Because EPA doesn’t have the resources to enforce the new rule on everybody, LaGasse said, enforcement would likely become a complaint-driven.
“It’s something that could pop up anywhere at anytime, and enforcement would be uneven,” he said.
General runoff, Hopper said, is typically excluded from regulation.
“But if it is a point source where they can point to a specific conduit as a discharge then it is questionable,” he said. “This has come up in situations like in manure piles at a dairy. The agency has gone both ways on this, so you’re taking your chances. That’s the problem. There is no clarity.”

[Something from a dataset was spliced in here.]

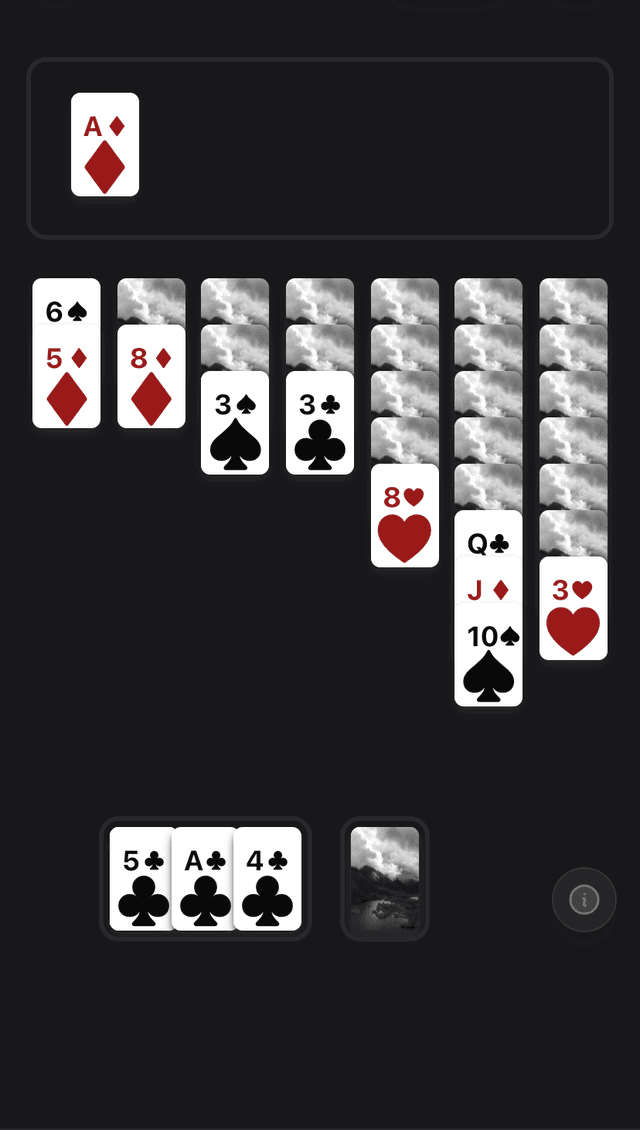 Image of Solitaire game board optimized for small screens mid-game in a dark theme.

Lehr calls the rule “shear insanity.”
“I have been involved in this since day one and I have yet to find a single human not connected with an environmental activist organization who thinks this makes sense” he said. “It isn’t about clean water. It’s about the EPA taking over every stitch of land with water on it that they possibly can.”
Impact on compost and mulch
The U.S. Composting Council, the national trade association that represents compost producers, isn’t concerned about the new rule, according to Cary Oshins, director of education for the organization.

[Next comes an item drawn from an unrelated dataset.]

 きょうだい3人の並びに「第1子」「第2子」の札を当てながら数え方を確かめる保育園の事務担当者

“I don’t think this will make much of a difference for compost sites,” Oshins said. “This rule really just refines the definition of waters of the U.S. We are already strong proponents of using best management practices for storm water and contact water management. Since the rule encourages the use of green infrastructure, which is a strong and growing market for compost, this is overall a good rule change.”
Will Bakx, founder of Sonoma Compost Co., in Petaluma, Calif., disagrees.

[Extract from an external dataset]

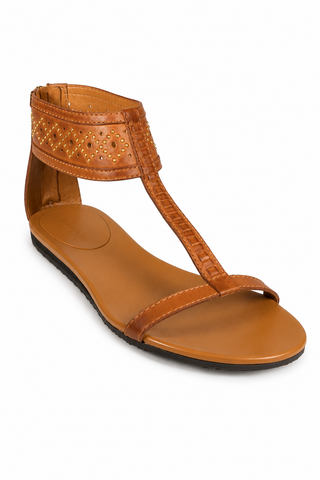 Gucci Women's Designer Shoes Designer Leather T-Strap Sandals(GGW2705)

“I don’t feel so comfortable about it,” said Bakx, vice chair of the California Organic Recycling Council and an executive board member of the California Compost Coalition. “I think neighbors have been provided with another avenue to go after composting facilities.”
Bakx has first-hand knowledge about that.
In May, his 22-year-old operation was ordered permanently shut down to settle a federal water quality suit filed by a neighborhood group. The suit, which involved storm water runoff into a nearby creek, cited violations of the Clean Water Act, which regulates the discharge of any pollutant into waters of the U.S.
“Our situation had less to do with water quality than politics,” Bakx said. “The Clean Water Act was used as an excuse to shut us down.”
Which is precisely what concerns WOTUS opponents like Lehr and Hopper.
“The worst case scenario is the cost of fighting it legally when the EPA comes at somebody without just cause,” Lehr said.
Although Sonoma’s problems preceded the new WOTUS rule, Bakx said the new rule could make it difficult to operate a composting facility. Waste discharge requirements for compost operations, now under consideration by the California Water Boards, he said, are directly impacted by WOTUS.
“Although they say otherwise, the state guidelines basically require a zero discharge facility,” Bakx said. “It will present significant costs to operators. It’s ironic, isn’t is, that there is a mandate to divert organics from the landfill, then they make it expensive to do it. If you’re in an area where landfill tipping fees are $25 a ton, how can you set up a composting facility that will cost you $50 a ton to operate?”
Implementation unlikely
Lawsuits like the one filed by PLF on behalf of the landowners, state cattlemen’s associations of California, Washington and New Mexico and others, Lehr said, will likely prevent WOTUS from ever going into effect.
On August 12, the Southern District Court of Georgia held a hearing on the preliminary injunction motion filed by 11 states opposing the rule. Chief Judge Lisa Godbey Wood said she would rule by the WOTUS implementation date of August 28 on the preliminary injunction motion filed by 11 states opposing the rule.
“I am the world’s leading optimist so it is not conceivable to me that this could ever become the law of the land,” Lehr said.